_Dataset extract_:
────────

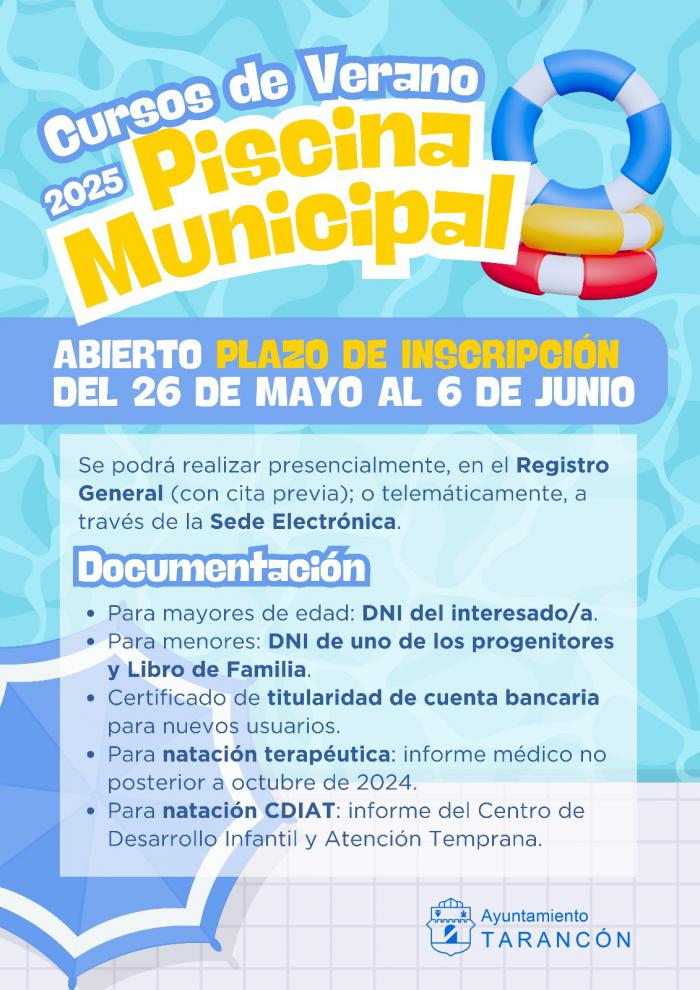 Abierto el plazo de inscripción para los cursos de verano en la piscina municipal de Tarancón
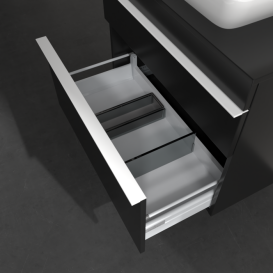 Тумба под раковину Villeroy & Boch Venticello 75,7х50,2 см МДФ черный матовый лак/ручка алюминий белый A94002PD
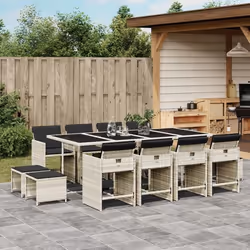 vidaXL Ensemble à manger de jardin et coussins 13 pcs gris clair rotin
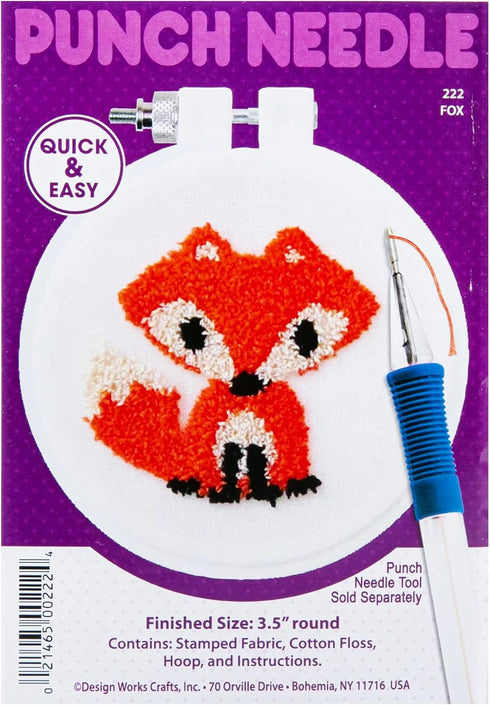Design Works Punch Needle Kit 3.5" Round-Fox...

────────

_What to produce_:
Return to the listing above and set it down exactly, leaving out its pictures.

_Exercise solution_:
 Abierto el plazo de inscripción para los cursos de verano en la piscina municipal de Tarancón
 Тумба под раковину Villeroy & Boch Venticello 75,7х50,2 см МДФ черный матовый лак/ручка алюминий белый A94002PD
 vidaXL Ensemble à manger de jardin et coussins 13 pcs gris clair rotin
Design Works Punch Needle Kit 3.5" Round-Fox...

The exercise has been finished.